バリバリ働きたくない人の転職は「目指すべきほどほど」の定義から
静かな退職より「ほどほどキャリア」を目指した転職
「静かな退職(Quiet Quitting)」というムーブメントは、コロナ禍以降、アメリカの若年層中心に広まっています。静かな退職とは、退職はしないけれど、仕事へのやりがいは求めず、限られた範囲で淡々と最低限の業務を遂行する働き方。いわゆる窓際族です(日本でも、年収2000万のエリート窓際族「Windows2000」が話題になりました...)。身体の健康面やプライベートの優先度を上げているという面で価値観としてはとても理解できます。でも、やりがいを全捨てするのは楽しそうではありません。疲れた人が一時的に実践するならいいのですが、中長期的にはそれなりにやりがいを得られる環境を目指し、本当に退職・転職したほうがいいと感じます。静かな退職を検討する人なら、ほどほどの働き方・キャリアを歩んでいきたいはず。では、ほどほどのキャリアを目指す人が転職をする場合には、どういった軸で動くべきなのでしょう。
量的・質的に考える「ほどほど」の軸
「ほどほど」にも、量的・質的の2種類があると考えます。量的は非常にわかりやすく、「時間」と「お金」です。時間については、「休める時間を増やしたいから残業を減らしたい」「決められた時間で働きたくない、フレックス勤務がいい」といった考え方になります。お金に関しては、「ほどほど」なので、「とにかく給料をたくさんもらいたい」ではなく、現状維持以上が基本線になるでしょう(ケースには因りますが収入が下がる転職は避けるのがベターです)。質的というのは、仕事内容に関わるもの。「営業職に疲れたので事務職にチャレンジしたい」「家庭での時間の確保のために在宅勤務がいい」といった数字では表せない要素です。
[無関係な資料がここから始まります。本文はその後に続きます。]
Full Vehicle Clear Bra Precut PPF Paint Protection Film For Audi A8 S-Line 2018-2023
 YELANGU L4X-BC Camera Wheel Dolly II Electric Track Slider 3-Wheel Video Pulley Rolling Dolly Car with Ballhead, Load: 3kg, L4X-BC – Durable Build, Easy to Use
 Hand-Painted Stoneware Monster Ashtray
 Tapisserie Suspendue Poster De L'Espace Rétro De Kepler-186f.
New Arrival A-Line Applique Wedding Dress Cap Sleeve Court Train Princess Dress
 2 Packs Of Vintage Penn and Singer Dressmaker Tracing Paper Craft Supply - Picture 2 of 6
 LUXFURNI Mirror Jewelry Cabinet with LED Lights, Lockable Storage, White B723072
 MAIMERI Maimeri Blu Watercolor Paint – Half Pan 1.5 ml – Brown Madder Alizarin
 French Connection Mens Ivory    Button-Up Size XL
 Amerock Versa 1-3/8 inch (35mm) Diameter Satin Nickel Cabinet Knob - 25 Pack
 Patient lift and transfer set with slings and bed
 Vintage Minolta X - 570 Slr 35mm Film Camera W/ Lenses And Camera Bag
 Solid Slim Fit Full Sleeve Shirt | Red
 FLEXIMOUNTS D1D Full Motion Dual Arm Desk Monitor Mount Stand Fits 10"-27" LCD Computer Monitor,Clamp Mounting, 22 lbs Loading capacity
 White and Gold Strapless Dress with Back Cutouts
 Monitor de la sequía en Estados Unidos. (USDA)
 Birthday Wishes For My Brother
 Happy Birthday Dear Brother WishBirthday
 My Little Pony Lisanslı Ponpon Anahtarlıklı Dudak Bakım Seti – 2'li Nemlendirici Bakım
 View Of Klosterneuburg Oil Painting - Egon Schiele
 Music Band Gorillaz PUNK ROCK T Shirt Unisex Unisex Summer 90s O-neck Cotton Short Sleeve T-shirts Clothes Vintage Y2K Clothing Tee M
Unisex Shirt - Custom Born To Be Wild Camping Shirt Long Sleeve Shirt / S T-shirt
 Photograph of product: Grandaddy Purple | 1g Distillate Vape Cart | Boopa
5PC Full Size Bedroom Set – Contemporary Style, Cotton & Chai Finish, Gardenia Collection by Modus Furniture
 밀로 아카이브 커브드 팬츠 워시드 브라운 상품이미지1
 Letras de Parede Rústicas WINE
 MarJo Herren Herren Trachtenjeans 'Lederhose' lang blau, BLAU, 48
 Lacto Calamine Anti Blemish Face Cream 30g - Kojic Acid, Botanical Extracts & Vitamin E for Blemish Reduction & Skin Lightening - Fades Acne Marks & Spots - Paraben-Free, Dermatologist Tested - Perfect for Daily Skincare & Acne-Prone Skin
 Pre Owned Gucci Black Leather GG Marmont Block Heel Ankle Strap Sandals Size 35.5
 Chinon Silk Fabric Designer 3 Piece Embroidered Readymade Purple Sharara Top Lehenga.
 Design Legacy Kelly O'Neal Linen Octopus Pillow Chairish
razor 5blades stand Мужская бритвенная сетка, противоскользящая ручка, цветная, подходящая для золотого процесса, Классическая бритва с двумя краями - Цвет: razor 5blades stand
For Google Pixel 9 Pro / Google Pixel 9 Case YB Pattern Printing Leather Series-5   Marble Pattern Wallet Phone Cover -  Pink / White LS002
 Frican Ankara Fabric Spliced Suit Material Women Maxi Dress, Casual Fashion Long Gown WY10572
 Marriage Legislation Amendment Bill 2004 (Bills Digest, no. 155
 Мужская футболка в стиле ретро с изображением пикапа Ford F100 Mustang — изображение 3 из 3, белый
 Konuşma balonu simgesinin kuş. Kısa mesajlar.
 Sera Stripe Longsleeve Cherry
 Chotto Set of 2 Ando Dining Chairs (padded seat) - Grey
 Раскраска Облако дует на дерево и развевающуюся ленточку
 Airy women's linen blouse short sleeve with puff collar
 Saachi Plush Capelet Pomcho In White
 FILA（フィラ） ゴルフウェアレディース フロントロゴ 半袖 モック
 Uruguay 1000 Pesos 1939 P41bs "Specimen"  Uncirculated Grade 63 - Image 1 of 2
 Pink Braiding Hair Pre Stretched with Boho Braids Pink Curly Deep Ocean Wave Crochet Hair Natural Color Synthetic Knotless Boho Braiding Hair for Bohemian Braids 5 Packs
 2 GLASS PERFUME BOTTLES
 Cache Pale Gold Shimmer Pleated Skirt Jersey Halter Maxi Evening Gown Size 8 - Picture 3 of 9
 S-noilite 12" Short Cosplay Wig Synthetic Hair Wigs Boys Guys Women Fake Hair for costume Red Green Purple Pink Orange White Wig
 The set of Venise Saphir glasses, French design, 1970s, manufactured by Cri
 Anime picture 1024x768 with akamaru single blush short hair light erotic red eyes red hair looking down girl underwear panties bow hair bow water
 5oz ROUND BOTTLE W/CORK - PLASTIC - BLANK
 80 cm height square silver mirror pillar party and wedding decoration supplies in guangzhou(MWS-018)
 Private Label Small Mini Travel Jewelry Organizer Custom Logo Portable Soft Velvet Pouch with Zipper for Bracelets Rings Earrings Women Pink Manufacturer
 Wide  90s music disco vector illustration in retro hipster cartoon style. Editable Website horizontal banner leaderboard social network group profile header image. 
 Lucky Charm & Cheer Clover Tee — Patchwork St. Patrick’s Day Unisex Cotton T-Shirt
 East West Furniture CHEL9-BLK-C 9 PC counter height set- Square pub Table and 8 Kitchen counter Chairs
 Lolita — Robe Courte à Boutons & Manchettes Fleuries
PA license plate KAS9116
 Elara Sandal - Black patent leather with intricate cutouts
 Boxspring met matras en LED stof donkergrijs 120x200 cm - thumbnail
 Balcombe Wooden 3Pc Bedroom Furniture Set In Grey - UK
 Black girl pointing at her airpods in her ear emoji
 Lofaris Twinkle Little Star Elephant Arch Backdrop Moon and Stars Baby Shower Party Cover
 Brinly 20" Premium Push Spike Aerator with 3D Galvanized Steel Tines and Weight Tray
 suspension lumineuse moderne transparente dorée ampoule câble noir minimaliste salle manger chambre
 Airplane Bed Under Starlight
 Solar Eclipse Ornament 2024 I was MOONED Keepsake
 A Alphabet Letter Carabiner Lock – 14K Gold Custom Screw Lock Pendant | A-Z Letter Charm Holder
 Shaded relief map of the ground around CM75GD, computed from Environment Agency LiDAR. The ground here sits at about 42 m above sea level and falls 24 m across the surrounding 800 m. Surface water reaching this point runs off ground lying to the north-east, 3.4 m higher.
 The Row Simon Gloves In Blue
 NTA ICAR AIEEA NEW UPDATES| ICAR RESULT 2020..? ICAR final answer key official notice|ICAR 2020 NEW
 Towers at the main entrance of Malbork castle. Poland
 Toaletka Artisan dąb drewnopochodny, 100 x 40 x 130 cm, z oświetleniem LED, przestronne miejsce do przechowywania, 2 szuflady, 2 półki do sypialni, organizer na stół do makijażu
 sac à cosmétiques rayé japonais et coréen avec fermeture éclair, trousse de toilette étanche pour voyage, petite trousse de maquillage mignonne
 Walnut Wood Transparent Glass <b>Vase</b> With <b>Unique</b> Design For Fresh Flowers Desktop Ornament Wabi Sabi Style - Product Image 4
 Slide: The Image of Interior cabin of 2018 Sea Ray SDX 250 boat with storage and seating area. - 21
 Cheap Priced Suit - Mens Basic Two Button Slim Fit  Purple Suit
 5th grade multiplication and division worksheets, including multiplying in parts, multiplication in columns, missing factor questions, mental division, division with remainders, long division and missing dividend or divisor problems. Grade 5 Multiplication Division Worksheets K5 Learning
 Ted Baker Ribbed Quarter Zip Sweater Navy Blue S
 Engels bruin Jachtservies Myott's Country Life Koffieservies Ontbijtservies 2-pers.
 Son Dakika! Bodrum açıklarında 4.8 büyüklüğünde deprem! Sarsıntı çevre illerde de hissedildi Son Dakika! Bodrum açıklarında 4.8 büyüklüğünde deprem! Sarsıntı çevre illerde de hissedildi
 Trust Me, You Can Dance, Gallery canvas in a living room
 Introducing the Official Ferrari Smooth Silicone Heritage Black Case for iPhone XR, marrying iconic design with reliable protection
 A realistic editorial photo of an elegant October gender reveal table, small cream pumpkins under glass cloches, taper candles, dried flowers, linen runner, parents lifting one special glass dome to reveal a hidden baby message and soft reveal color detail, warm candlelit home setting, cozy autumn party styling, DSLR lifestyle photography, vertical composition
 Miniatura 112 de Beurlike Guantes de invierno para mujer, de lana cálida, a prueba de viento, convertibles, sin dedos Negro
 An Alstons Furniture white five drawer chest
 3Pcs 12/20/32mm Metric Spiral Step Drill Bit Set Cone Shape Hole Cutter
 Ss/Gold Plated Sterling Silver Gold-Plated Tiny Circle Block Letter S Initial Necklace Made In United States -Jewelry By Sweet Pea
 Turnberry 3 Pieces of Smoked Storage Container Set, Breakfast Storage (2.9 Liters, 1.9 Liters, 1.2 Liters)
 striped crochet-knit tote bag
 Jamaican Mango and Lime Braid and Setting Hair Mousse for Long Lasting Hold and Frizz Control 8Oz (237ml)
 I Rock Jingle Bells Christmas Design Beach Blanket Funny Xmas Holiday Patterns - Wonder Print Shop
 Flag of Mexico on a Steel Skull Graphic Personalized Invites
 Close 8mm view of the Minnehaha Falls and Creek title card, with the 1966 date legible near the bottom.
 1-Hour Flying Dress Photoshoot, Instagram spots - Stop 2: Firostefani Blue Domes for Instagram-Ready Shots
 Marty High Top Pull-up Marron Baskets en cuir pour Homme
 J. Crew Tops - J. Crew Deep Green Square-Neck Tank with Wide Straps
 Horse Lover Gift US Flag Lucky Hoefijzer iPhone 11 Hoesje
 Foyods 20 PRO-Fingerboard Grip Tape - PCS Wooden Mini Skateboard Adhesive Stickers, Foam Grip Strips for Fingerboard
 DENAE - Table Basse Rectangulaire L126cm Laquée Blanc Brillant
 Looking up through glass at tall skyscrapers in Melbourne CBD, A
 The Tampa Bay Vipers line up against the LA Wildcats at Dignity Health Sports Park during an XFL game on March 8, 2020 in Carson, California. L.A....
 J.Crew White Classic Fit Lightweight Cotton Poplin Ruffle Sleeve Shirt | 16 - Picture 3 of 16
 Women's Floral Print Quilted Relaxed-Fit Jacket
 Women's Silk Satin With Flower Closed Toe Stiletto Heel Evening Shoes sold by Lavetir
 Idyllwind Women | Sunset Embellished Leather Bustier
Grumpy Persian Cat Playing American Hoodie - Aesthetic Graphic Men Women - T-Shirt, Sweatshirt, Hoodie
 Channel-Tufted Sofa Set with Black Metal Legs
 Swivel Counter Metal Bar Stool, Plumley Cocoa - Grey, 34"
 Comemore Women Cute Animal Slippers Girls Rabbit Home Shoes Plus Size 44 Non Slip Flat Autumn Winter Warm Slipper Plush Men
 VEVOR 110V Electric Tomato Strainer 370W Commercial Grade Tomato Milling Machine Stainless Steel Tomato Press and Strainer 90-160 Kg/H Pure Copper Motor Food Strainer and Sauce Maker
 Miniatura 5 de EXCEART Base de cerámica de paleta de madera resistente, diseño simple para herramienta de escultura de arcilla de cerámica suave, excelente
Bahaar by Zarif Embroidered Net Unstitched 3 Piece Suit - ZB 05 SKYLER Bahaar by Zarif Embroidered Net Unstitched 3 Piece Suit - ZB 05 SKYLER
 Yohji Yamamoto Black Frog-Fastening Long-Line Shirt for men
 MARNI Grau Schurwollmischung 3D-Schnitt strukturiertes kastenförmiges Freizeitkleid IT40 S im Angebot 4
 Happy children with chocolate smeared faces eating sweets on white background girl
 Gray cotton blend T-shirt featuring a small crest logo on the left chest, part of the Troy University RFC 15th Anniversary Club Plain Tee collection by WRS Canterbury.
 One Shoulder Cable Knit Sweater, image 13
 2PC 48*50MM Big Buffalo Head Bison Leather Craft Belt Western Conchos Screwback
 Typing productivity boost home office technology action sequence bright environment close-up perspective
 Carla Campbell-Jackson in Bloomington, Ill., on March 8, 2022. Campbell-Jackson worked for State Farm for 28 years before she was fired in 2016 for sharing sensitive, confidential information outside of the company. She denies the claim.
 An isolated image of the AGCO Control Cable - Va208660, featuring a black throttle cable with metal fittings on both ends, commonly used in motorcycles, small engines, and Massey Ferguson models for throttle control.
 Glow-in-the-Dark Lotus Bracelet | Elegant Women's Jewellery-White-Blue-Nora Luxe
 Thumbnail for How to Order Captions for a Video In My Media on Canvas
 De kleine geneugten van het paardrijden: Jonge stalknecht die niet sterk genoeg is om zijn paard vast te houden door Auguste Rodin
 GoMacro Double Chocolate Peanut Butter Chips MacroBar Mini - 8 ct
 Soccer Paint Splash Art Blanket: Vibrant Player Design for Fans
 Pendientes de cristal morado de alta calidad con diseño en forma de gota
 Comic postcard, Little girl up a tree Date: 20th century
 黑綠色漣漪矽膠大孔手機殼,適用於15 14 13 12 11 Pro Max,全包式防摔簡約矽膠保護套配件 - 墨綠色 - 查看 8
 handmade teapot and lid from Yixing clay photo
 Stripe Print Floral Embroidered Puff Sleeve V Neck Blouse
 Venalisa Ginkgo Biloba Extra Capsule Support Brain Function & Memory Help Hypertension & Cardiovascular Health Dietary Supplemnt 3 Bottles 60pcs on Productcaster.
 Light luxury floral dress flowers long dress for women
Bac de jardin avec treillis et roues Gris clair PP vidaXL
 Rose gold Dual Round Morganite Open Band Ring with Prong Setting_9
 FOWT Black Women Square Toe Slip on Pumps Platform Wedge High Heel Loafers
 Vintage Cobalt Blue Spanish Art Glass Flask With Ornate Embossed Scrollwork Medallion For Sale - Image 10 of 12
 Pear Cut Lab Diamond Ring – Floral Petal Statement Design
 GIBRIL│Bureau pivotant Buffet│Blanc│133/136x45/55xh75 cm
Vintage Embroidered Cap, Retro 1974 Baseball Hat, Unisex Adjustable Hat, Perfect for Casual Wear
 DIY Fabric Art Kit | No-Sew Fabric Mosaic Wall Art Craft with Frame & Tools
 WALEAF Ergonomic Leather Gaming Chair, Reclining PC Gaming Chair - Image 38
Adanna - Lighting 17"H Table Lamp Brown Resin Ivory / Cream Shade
「やりがい」も該当します。質的なので定量的には形容しにくいですが、やりがいは追及しすぎずとも、「ゼロ」ではモチベーションを保つのが厳しいですし、採用選考を突破するうえでも「ほどほど」の動機・やりがいに思えるものは必要でしょう。これらのバランスを鑑みて、自分なりのほどほど(いい塩梅)を探って軸を作ることになります。
「しっかり」と現状分析を行うのが転職の第一歩
軸を作るうえで現状分析は欠かせません。納得のいく「ほどほどな働き方」を実現するために、こうした準備は「ほどほど」ではなく、「しっかり」やるべきです。現状分析では、現職への不満・目指す働き方を書き出したり、職務経歴書を作るのが有効。現状(As-Is)と理想(To-Be)を正しく把握し、ギャップを埋めるために動くのが転職の基本です。そして、転職の選考に進む際に重要なのが、本音と建前。当たり前ですが、「ほどほどがいいんです!」と自分の都合を主張しても採用側のメリットがないので、どう役に立てるのか、ある程度の建前も意識して伝えましょう(「ある程度」というのがキモで、本音が入っているのが入社後ギャップ対策としても大事)。最近は、直近での転職は考えていなくても転職サイトに登録している人も多くなっています。こうして市場での自分の見え方を確認したり、一度プロのエージェントと話してみるのも、客観的に現状を捉えたり、選考対策に備える手段です。何故ほどほどがいいのか、どんなほどほどがいいのか、自分らしい働き方・キャリアの実現のために、これらは徹底的に深堀りしておくべきだと思います。